Le constructeur présumé responsable pourra cependant exercer une action en garantie contre l’un ou plusieurs des autres constructeurs, le recours entre coobligés impliquant la démonstration d’une faute, laquelle sera la plupart du temps mise en évidence à l’occasion des opérations d’expertise judiciaire précédant quasiment tous les procès au fond en matière de construction.

La présomption de responsabilité ne prive donc pas pour autant le constructeur présumé responsable d’établir à l’égard d’un autre constructeur que le dommage ne lui est pas imputable mais est imputable à ce dernier ; cette démonstration du défaut d’imputabilité ne devant pas se confondre avec le fait du colocateur qui n’est pas – vis-à-vis du maître d’ouvrage – une cause d’exonération de sa responsabilité fondée sur l’article 1792 du code civil.

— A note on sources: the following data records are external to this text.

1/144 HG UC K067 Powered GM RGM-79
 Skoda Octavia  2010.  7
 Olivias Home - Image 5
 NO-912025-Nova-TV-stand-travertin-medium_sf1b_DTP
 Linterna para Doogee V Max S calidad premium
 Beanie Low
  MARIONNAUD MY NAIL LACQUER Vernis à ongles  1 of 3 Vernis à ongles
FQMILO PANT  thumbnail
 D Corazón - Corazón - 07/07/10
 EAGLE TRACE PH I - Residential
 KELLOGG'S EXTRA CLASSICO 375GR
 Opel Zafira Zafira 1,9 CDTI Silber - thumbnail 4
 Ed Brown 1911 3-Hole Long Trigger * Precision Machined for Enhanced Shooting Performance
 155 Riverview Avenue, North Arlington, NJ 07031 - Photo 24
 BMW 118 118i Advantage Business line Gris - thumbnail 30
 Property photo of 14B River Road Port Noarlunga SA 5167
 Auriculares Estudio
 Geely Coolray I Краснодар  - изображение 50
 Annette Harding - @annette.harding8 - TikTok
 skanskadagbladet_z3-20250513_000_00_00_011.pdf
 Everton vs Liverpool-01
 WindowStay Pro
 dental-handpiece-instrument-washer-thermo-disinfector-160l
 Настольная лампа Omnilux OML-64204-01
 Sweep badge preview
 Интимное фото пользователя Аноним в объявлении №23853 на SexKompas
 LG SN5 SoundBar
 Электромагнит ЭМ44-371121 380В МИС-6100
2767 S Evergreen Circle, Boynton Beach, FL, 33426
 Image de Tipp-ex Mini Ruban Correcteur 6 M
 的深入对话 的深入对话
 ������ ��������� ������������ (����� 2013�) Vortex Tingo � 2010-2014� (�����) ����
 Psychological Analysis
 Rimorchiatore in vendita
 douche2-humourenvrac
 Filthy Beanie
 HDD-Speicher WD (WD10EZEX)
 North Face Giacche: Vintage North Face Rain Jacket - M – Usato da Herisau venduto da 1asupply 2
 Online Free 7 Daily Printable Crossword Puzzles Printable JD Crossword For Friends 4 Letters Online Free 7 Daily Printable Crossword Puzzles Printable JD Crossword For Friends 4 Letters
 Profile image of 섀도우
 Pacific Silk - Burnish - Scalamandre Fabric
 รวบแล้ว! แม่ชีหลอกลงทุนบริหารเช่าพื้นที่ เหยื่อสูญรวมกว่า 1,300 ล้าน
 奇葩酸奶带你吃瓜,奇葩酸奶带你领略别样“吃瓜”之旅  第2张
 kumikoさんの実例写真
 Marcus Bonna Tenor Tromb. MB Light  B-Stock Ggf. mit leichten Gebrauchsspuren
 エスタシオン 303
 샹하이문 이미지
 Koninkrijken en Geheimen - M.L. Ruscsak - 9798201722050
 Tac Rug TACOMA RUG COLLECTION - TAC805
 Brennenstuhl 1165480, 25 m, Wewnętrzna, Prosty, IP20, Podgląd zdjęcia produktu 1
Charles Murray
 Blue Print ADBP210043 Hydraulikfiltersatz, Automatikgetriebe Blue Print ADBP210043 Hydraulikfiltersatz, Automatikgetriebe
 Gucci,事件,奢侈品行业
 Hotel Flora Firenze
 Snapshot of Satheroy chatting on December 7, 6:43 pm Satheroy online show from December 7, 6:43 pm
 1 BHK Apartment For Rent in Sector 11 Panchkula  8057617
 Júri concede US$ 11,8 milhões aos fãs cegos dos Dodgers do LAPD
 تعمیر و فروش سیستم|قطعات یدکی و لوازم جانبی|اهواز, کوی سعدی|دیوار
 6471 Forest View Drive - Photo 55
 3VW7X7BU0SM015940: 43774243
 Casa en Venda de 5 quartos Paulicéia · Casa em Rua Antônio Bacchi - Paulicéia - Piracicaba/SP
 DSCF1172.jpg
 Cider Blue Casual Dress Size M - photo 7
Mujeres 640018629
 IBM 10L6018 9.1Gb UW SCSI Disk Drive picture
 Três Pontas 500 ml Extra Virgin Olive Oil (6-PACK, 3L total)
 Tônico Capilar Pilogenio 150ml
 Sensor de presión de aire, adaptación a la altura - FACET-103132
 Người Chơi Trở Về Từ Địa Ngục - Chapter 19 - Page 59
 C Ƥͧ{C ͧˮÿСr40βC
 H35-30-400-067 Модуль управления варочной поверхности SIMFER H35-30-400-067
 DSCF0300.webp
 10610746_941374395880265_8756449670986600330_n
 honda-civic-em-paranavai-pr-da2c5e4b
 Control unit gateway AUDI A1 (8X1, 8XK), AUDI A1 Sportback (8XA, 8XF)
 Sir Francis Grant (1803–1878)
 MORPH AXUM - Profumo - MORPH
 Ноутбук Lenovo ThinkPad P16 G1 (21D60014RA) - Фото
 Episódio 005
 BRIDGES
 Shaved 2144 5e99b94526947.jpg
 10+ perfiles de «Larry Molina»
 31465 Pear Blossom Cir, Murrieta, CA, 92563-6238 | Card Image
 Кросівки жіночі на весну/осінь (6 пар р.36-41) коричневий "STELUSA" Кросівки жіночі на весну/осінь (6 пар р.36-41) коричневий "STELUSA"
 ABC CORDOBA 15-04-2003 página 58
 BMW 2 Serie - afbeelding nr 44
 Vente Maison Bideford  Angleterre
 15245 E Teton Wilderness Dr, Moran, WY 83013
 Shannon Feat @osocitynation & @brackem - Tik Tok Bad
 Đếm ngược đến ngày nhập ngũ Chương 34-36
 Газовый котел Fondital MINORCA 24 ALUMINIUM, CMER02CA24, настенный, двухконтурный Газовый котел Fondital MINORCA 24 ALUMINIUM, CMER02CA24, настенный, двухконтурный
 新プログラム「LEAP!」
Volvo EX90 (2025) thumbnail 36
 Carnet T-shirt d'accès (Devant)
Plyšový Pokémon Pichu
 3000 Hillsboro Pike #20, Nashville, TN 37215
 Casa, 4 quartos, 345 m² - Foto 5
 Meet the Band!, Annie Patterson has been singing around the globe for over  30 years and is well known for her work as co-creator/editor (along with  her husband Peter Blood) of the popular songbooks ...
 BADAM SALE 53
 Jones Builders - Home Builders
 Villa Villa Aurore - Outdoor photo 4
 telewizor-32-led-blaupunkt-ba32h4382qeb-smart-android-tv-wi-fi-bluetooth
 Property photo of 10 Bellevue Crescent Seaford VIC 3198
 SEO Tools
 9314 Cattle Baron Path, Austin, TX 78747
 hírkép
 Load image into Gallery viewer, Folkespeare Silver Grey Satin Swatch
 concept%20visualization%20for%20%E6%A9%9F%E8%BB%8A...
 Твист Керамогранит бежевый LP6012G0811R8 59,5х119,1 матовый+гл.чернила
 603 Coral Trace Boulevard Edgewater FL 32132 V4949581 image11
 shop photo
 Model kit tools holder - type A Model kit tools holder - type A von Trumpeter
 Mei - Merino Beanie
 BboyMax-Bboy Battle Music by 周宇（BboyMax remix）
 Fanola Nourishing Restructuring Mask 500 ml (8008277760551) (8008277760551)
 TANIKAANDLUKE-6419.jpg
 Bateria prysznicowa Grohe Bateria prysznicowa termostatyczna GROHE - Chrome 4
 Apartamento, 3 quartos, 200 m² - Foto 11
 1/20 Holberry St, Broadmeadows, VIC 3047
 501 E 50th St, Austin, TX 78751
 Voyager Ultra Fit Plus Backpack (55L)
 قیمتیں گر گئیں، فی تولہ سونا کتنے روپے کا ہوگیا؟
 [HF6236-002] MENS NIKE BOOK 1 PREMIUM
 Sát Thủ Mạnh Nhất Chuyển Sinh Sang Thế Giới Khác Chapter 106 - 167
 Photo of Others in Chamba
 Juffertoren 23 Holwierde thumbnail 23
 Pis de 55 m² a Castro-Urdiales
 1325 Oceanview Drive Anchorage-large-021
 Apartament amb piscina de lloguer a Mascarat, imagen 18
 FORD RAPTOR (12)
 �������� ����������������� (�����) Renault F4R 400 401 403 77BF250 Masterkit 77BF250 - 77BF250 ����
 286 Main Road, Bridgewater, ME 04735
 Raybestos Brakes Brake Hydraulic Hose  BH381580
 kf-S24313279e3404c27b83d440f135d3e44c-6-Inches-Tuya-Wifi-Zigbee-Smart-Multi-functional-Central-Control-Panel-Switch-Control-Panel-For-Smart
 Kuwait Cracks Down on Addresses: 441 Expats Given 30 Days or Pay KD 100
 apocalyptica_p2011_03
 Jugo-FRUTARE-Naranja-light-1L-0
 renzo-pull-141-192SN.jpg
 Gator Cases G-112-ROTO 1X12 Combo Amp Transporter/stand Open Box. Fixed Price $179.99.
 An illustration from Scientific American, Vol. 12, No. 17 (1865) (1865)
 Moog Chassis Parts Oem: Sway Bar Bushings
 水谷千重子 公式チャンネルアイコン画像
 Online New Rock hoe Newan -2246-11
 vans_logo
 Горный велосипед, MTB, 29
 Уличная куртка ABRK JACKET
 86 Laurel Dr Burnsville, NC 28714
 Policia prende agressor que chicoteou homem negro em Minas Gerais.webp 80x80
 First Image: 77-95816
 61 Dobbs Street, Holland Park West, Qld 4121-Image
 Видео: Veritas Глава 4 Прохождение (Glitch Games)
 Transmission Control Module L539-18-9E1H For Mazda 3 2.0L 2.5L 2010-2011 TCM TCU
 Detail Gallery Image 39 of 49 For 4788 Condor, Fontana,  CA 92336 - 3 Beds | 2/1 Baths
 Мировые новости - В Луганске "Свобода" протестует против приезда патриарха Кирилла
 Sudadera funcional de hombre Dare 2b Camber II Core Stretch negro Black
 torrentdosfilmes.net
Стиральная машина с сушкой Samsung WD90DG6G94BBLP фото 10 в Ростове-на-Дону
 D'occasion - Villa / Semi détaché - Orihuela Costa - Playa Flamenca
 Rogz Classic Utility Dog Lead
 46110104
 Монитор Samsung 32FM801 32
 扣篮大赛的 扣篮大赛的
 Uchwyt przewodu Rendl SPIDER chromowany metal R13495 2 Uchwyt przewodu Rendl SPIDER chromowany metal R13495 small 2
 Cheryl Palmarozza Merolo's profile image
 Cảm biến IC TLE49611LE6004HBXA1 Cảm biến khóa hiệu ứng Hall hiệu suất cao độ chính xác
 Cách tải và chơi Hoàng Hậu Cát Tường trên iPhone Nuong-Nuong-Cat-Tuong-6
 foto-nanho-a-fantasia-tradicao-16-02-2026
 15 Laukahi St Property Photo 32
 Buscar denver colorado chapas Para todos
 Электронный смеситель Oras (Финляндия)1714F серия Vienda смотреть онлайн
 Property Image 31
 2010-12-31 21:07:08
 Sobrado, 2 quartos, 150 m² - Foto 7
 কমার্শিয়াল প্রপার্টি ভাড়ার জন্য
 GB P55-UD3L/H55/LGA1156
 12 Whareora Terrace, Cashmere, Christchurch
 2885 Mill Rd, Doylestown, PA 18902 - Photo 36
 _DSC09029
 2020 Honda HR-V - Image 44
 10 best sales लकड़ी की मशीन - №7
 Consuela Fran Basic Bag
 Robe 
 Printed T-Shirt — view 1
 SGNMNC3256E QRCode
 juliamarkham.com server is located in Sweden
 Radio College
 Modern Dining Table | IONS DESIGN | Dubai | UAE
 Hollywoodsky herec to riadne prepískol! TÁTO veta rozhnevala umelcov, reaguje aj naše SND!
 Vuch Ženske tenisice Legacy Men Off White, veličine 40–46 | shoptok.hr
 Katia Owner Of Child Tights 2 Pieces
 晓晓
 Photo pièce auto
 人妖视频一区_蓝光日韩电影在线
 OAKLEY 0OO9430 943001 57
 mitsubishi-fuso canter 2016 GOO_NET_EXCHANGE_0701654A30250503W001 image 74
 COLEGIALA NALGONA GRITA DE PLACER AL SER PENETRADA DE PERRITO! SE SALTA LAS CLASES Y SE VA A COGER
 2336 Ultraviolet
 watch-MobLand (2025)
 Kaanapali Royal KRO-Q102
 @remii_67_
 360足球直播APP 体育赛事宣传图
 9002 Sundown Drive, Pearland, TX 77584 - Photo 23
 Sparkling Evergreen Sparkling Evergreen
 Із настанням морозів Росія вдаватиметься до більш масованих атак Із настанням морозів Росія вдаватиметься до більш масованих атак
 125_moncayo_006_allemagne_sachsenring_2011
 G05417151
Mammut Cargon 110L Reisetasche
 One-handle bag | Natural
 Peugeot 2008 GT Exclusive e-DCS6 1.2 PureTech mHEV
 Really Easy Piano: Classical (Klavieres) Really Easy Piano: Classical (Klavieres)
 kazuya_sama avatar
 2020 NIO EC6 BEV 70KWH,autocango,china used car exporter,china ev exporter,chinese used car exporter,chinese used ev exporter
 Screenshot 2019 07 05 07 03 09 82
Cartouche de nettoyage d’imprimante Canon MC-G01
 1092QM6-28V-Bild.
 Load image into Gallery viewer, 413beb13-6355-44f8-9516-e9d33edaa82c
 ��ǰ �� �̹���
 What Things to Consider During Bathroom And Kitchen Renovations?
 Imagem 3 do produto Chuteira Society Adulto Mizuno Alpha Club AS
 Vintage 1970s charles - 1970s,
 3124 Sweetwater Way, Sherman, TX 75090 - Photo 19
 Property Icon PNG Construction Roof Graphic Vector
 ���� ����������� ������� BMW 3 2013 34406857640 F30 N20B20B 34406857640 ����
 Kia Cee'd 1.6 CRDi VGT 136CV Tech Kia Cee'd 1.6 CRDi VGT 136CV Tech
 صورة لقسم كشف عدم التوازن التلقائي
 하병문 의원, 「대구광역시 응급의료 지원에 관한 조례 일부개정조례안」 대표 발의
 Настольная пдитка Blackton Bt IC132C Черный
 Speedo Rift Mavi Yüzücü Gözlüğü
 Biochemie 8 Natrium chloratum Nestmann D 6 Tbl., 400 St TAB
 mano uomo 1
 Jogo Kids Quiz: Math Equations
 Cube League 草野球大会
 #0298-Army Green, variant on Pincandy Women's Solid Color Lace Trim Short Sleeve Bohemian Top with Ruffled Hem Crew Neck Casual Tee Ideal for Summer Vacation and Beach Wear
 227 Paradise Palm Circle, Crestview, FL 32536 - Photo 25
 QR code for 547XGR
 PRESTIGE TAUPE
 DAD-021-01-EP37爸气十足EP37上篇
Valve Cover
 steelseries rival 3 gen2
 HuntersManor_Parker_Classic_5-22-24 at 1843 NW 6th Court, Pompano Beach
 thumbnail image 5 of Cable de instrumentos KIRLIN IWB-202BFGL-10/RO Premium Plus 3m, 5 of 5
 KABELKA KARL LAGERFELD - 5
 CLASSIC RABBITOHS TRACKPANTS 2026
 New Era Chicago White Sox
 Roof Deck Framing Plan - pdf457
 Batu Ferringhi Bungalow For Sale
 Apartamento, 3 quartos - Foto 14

En définitive, le constructeur pourra ou non selon la qualité de son interlocuteur exciper :

– vis-à-vis du maître d’ouvrage et de son colocateur d’ouvrage, du défaut d’imputabilité du dommage, s’il affecte une partie de l’ouvrage à laquelle il est resté étranger ;

– vis-à-vis du colocateur d’ouvrage seulement, de l’absence d’une faute quelconque de sa part et d’un lien de causalité entre la faute dudit colocateur d’ouvrage et le dommage considéré affectant un ouvrage à la réalisation duquel ils ont tous deux participé.

Mots clés :

RESPONSABILITE DES CONSTRUCTEURS * Responsabilité décennale * Champ d’application * Travaux réalisés * Louage d’ouvrage * Constatation nécessaire

(1) V. pour un rappel récent CA Angers, 1re Ch. A., 27 mai 2008, juris-data n° 2008-371699.

(2) Civ. 3e, 3 déc. 2008, n° 07-16.638.